Studio album by The Jerky Boys
- Released: August 16, 1994
- Genre: Comedy, prank calls
- Length: 48:44
- Label: Select Records
- Producer: John G. Brennan Kamal Ahmed The Jerky Boys

The Jerky Boys chronology
| The Jerky Boys (1993) | The Jerky Boys 2 (1994) | The Jerky Boys 3 (1996) |

= The Jerky Boys 2 =

Jerky Boys 2 is the second comedy album released by prank call artists, the Jerky Boys. The album was released on August 16, 1994, and was the final Jerky Boys album released on the Select Records label, distributed by Atlantic Records. Like their debut album, it also went Platinum.
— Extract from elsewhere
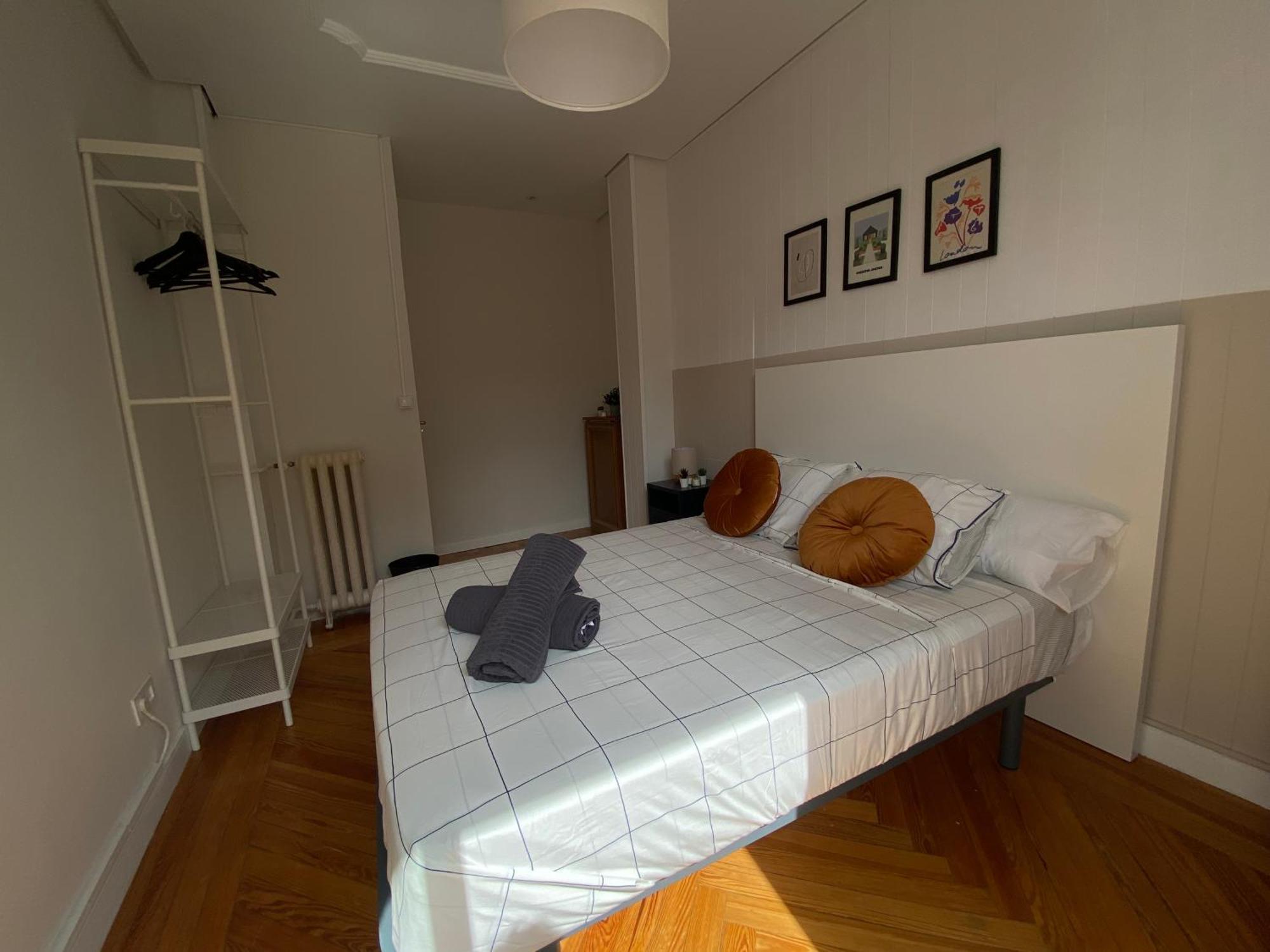 Santa Engracia Hostel *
This album was also nominated for a Grammy Award in 1995 for Best Spoken Comedy Album, but lost to Sam Kinison's Live From Hell.

Professional ratings
Review scores
| Source | Rating |
| AllMusic | Star |
| Entertainment Weekly | A− |

==Track listing==
1. "Pablo Honey" (0:39)
2. "Drinking Problem" (1:44)
3. "Pet Cobra" (0:57)
4. "Sol's Warts" (1:46)
5. "Breast Enlargement" (2:17)
6. "Roofing" (2:39)
7. "Gay Hairdresser" (2:00)
8. "Volunteer" (1:50)
9. "Terrorist Pizza" (2:40)
10. "Pico's Mexican Hairpiece" (2:38)
11. "A Little Emergency" (1:05)
12. "Sparky The Clown" (1:56)
13. "Security Service" (3:48)
14. "Sol's Nude Beach" (2:25)
15. "Diamond Dealer" (1:55)
16. "Sol's Naked Photo" (1:25)
17. "The Mattress King" (1:52)
18. "Ball Game Beating" (2:52)
19. "Sporting Goods" (1:10)
20. "Scaffolding" (1:05)
21. "Sex Therapy" (1:45)
22. "Sol's Phobia" (2:56)
23. "Cremation Services" (1:42)
24. "Pizza Lawyer" (2:41)
25. "Fava Beans" (1:34)
26. "Husband Beating" (1:23)
27. "*Bonus Track" (0:06)

== Trivia ==
English rock band Radiohead named their 1993 debut album, Pablo Honey, after the first call on this album (apparently having heard it on a bootleg tape), well before release of this material on CD.

California Punk band Nofx released a live album called "I Heard They Suck Live!!", in which the guitar player (El Hefe), impersonates a part of "Sol's Warts" in between songs.